Lu sur Les cahiers d'Anne Archet : "Raison #4 : l'État fout l’camp, y'a plus d'profits. Contrairement aux idées reçues et à ce que la presse peut vous raconter, les capitalistes ne s’opposent pas à l’étatisme, bien au contraire. En fait, l’État est le meilleur ami du capitaliste – et le libre marché, son pire ennemi.Un capitaliste veut vendre ses produits afin de réaliser le maximum de profit possible et d'accumuler du capital. Quel est son plus grand adversaire dans la réalisation du profit maximum ? Ses concurrents, qui ont exactement le même objectif. Dans un marché parfaitement libre où l'information est parfaite, aucun vendeur ne peut réussir à réaliser un profit substantiel puisque chaque acheteur peut passer de vendeur en vendeur en cherchant le prix le plus bas, jusqu'à ce qu'il trouve celui qui accepte de vendre pour le prix de production plus une grosse cenne noire. Dans ces conditions, l’accumulation est impossible et le capitalisme impraticable.

Donc, la prochaine fois qu’un idéologue libertarien se lancera dans une tirade lyrique sur les bienfaits du marché, je vous donne la permission de vous foutre gentiment de sa gueule parce que le marché est l'ennemi du profit. Évidemment, tout capitaliste a besoin d’un marché pour vendre et ne veut pas que l’État l’empêche de maximiser ses profits. Mais ça ne veut pas dire qu'il souhaite que le marché soit entièrement libre. Il veut plutôt se positionner dans un marché où il sera privilégié par rapport à ses concurrents.

Et qui peut lui offrir un tel marché ? Seulement l'État, en créant des quasi-monopoles pour certains capitalistes triés sur le volet. Comment ? Par son système des brevets, qui permet à une entreprise de garder les droits d’exploitations d’un produit pendant certain nombre d'années. Par sa législation réglementaire, dont l’effet est de favoriser la création de quasi-monopoles, puisque les coûts de la réglementation sont plus faciles à supporter pour les grandes entreprises que pour celles de taille petite et moyenne – fragilisant ainsi des concurrents déjà marginaux. Par ses opérations de renflouement, où il accepte de couvrir les pertes des grandes entreprises afin de les maintenir en activité, au nom de la sauvegarde des emplois – ce qui transforme le marché libre transforme en un système de socialisation des pertes et de privatisation des profits. Par son pouvoir d’achat, surtout dans les domaines militaires, où la préférence va aux grandes firmes, considérées comme plus sûres et plus fiables. D’ailleurs, ce n’est pas innocemment que les activités de l’État dépassent systématiquement les prévisions budgétaires : surpayer les fournisseurs, c’est octroyer d'énormes marges de profit et favoriser le fonctionnement du capitalisme sur le territoire national.

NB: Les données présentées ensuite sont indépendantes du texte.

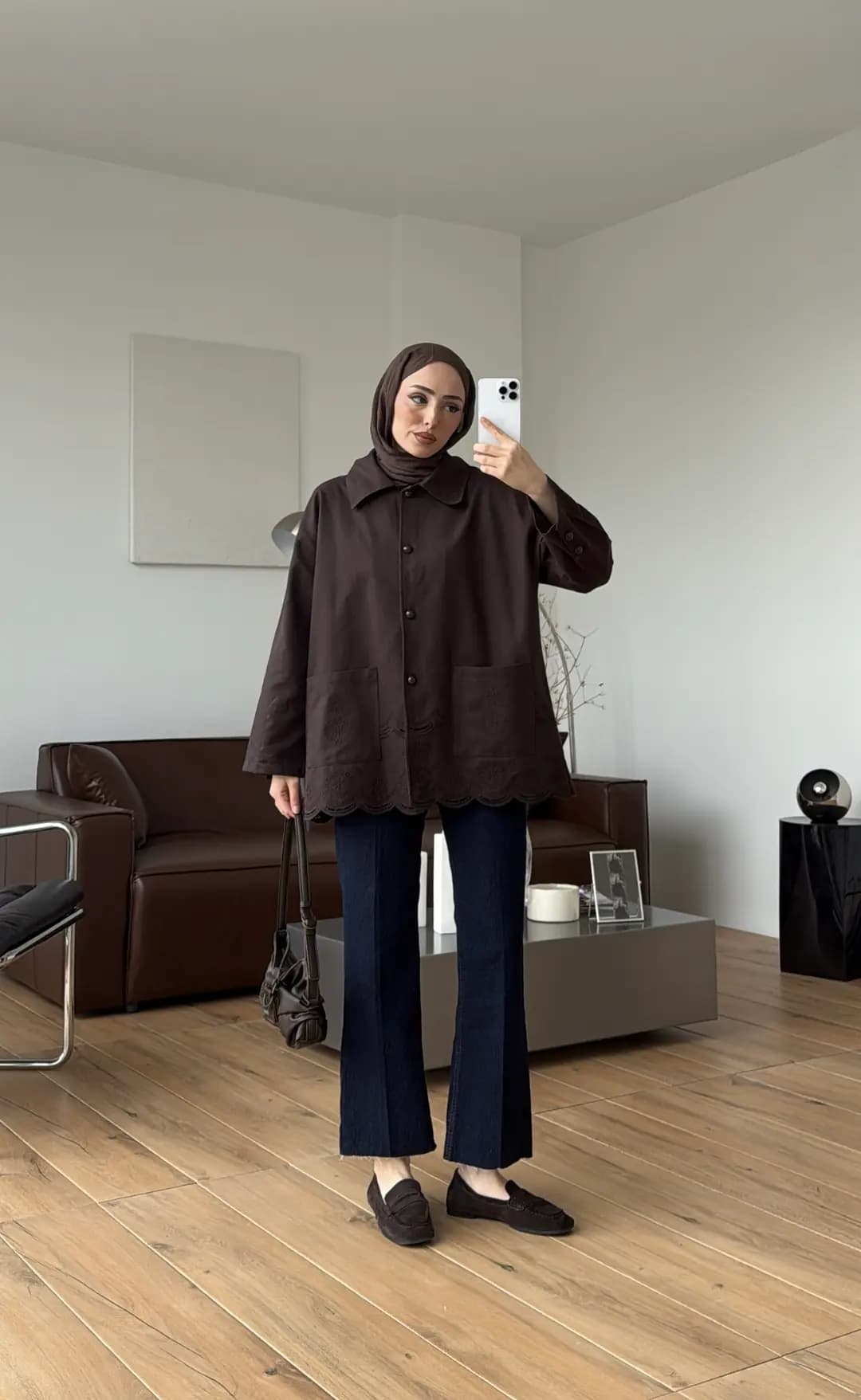 Nakışlı Cepli Gabardin Ceket Kahve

« Mais la mondialisation ? » me direz-vous. En effet, n’est-ce pas le désir des capitalistes de créer un marché mondial libre, hors de portée du pouvoir juridique des États nationaux ? Évidemment, il est sans grand intérêt de disposer d'un monopole parfait au niveau national si la concurrence extérieure est trop sévère. Mais il ne faut pas oublier que ce que l’on nomme mondialisation est un processus négocié non pas par les entreprises capitalistes, mais par les États eux-mêmes – selon les termes des États puissants et au détriment des États des pays pauvres. En vérité, les mécanismes fondamentaux du capitalisme international n’ont guère changé depuis cinq cent ans : un État puissant exerce toujours des pressions politiques, économiques et même militaires pour forcer l’entrée des marchés des pays pauvres, ce qui permet à ses industries bien rodées d'éliminer les concurrents indigènes faibles. On aboutit au monopole de fait de l'industrie forte du pays puissant. Un État peut aussi préserver un monopole sur le marché mondial en interdisant la vente de technologies avancées et stratégiques à l'extérieur (c’est d’ailleurs en ce sens qu’on doit comprendre l’obsession des gouvernements à freiner « l’exode des cerveaux »).

Bref, Le capitalisme n'aurait pu ni voir le jour ni se développer sans un constant soutien des États. Le problème, c’est que l’État fort, pilier du capitalisme, s’effrite. Et c’est encore la faute des pouilleux et des crottés que nous sommes.

En Occident, après les révolutions américaine et française, les concepts de liberté individuelle et de souveraineté du peuple se sont graduellement normalisés. La situation devint potentiellement révolutionnaire, puisque le droit divin ou héréditaire ne suffisait plus pour justifier l’existence et l’action de l’État. Des idéologies politiques ont émergé de manière à contenir la population et ainsi limiter les dégâts, c’est-à-dire préserver l’État fort si vital au capitalisme. Diverses doctrines sont ainsi apparues : le conservatisme à droite, du libéralisme au centre, le socialisme à gauche. Vers le milieu du siècle, il s’est avéré que le libéralisme était l’idéologie la plus apte à répondre aux intérêts des capitalistes, si bien que le conservatisme et le socialisme sont devenus des avatars, des variantes du libéralisme, en acceptant la nécessité de diriger l’État dans le but de faciliter l’accumulation capitaliste en créant des conditions de quasi-monopole.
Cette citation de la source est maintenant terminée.